The first of Walford pieces is about how we should accept the teaching of Amoris laetitia on the basis of the teaching of previous popes on the subject of Papal authority. He correctly points out that the Ordinary Magisterium can be infallible - infallible teaching is not limited to 'extraordinary' pronouncements such as the anathema of General Councils and solemn ex cathedra statements by Popes. He also, correctly, notes that not everything Popes say counts as Magisterial at all, let alone infallible: indeed they can teach error (he mentions Pope John XXII's sermons against the Particular Judgement). When this happens we say, obviously, that what they taught was not the teaching of the Church, but the Pope's 'private' views.
These observations, however, do not get us very far in assessing the alleged teaching of Amoris laetitia since pointing out that papal pronouncemnents can fit in anywhere on a spectrum between obligatory to believe and obligatory not to believe does not, on its own, tell us where on the spectrum these particular pronouncments sit. Walford gives his readers absolutely no assistance in working this out. It is obvious, however, that where we cannot use the form of teaching to help us determine whether it is magisterial or not (i.e., it is not expressed as the anathema of a General Council or a solemn ex cathedra decree), then we have to look at the content.
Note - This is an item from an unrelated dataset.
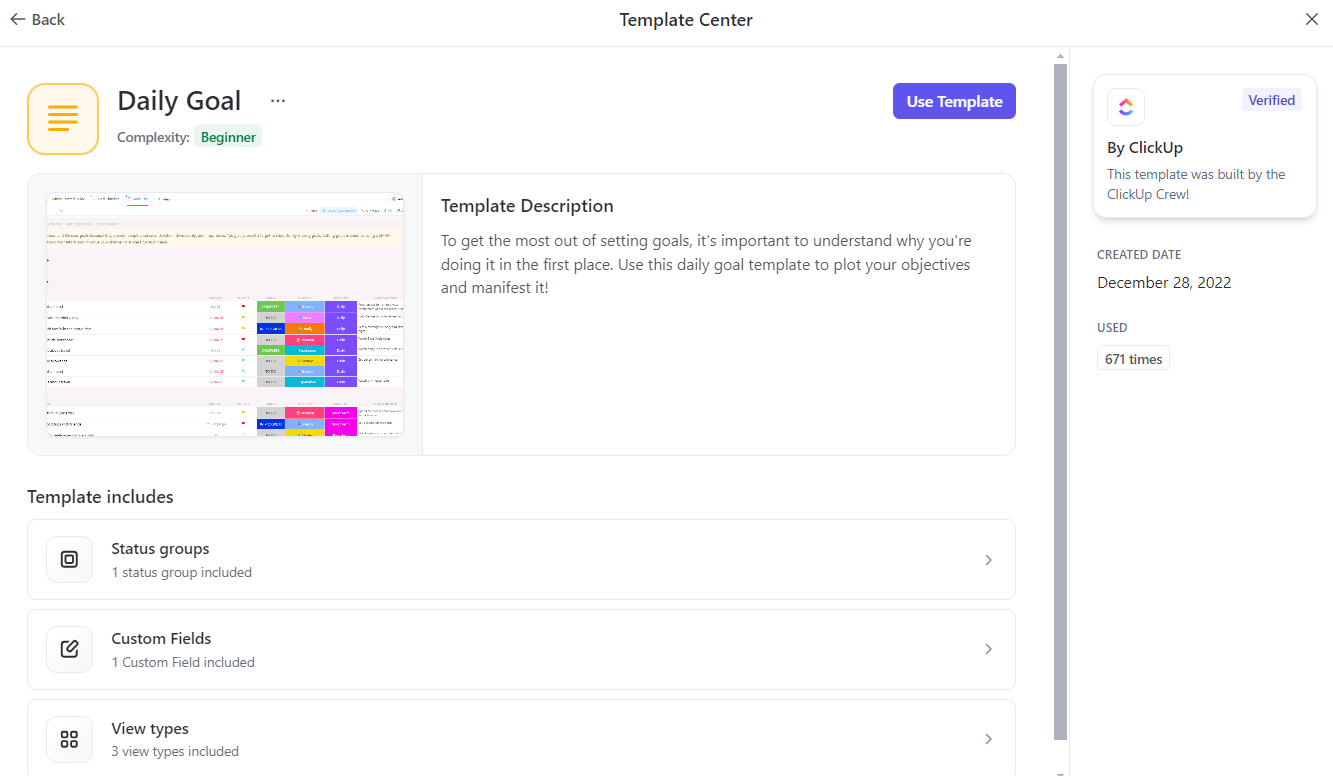 Assuma o controle do seu dia com o modelo de metas diárias do ClickUp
Thus, when Pope St John Paul II taught in Evangelium vitae that abortion is intrinsically evil (it can never rightly be done: no motive or circumstance can justify it), he prefaced it in a special, solemn way, but more importantly he connected it with the sources of the content of the Faith. (Section 57.)
Therefore, by the authority which Christ conferred upon Peter and his Successors, and in communion with the Bishops of the Catholic Church, I confirm that the direct and voluntary killing of an innocent human being is always gravely immoral. This doctrine, based upon that unwritten law which man, in the light of reason, finds in his own heart (cf. Rom 2:14-15), is reaffirmed by Sacred Scripture, transmitted by the Tradition of the Church and taught by the ordinary and universal Magisterium.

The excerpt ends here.